Hungarian director Ildikó Enyedi's film On Body and Soul fetched the Golden Bear prize at the 67th Berlin International Film Festival. In an interview with the German Deutcshlandradio following her film's win, the director expressed her distaste with the current state of Hungarian politics, as well as with the current government of Prime Minister Viktor Orbán. MEP Tamás Deutsch, one of the founding members of Mr. Orbán's ruling Fidesz party, responded to Enyedi's statement on Facebook, commenting:
"Dear Ildikó, what is currently happening in our homeland is that, for the first time in twelve years you were finally able to make a film. Don't be ashamed, and don't be afraid of it."
Enyedi was asked about a scene in On Body and Soul in which a police officer is bribed to ignore a crime, and whether or not this scene is meant to reflect the current state of Hungarian society. Enyedi responded, saying that "This is our everyday life. Ok, give me a little meat, a little from this, a little from that—that was socialism...But what is happening in our homeland today is shameful, and truly fills me with fear."
The director went on to argue that what American citizens are now experiencing with the electoral victory of businessman and former reality-TV host Donald Trump is something that Hungarians have been living with for years:
"To those living in the United States in the aftermath of their election, I would like to say: look, we here [in Hungary] went throughout this same thing years ago. Unfortunately, however, I no good advice to give, because we can't seem to solve this problem either. From a certain view this is scary because not only do they [the Hungarian government] work around the laws in a dishonest way, they are changing and destroying the basis of laws and are destroying the foundations of democracy and democratic control. I would love to be proud of my country, but I have not been able to for many years, and that is painful to me."

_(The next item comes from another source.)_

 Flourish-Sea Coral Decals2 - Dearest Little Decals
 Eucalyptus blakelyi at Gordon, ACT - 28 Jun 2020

The film was also given the prize of the International Federation of Film Critics (FIPRESCI), the Ecumenical Jury Prize and the readers' prize of German daily Berliner Morgenpost, the Hungarian Film Fund said. On Body and Soul tells the story of two people working at a slaughterhouse in Budapest who discover that they have the same dreams at night and they attempt to make them come true. "We wanted to shoot a simple film, one that is as simple as a glass of water," Enyedi said in a short speech at the awards ceremony.
The only Hungarian film that won the prestigious award previously was Márta Mészáros's Adoption in 1975. However, Ildikó Enyedi's Body and Soul is not the only Hungarian success at this year's Berlinale: 1945, a black-and-white history drama directed by Ferenc Török, has been handed out the bronze medal of the 'Audience Award.'
The leading pro-government daily contends that Ildikó Enyedi's success at the Berlin film festival indicates that the Hungarian public film funding system works well. A left-wing commentator acknowledges the state's role in the success, but nonetheless considers the fund distribution scheme absurd.
Hungarian film production is back in the world's top league, Dániel Levente Pál writes in Magyar Idők. The pro-government commentator underscores that Enyedi Ildikó's movie as well as the Oscar winning Son of Saul directed by László Nemes Jeles were both funded by the Hungarian National Film Fund. All this, Pál believes, is a proof that the Hungarian public film funding system created and led by the Hungarian-American film producer Andy Vajna is a success story.
Népszava's Judit Kósa, on the other hand, thinks that the Hungarian public film funding scheme is a joke. The left-wing columnist finds it 'absurd and frightening' that public funding is distributed by a former Hollywood producer and state employees help the creation of Hungarian films. Kósa contends that it is a 'miracle' and a rare exception that the Hungaian National Film Fund supported Ildikó Enyedi's film, a movie which was fully deserving of that backing.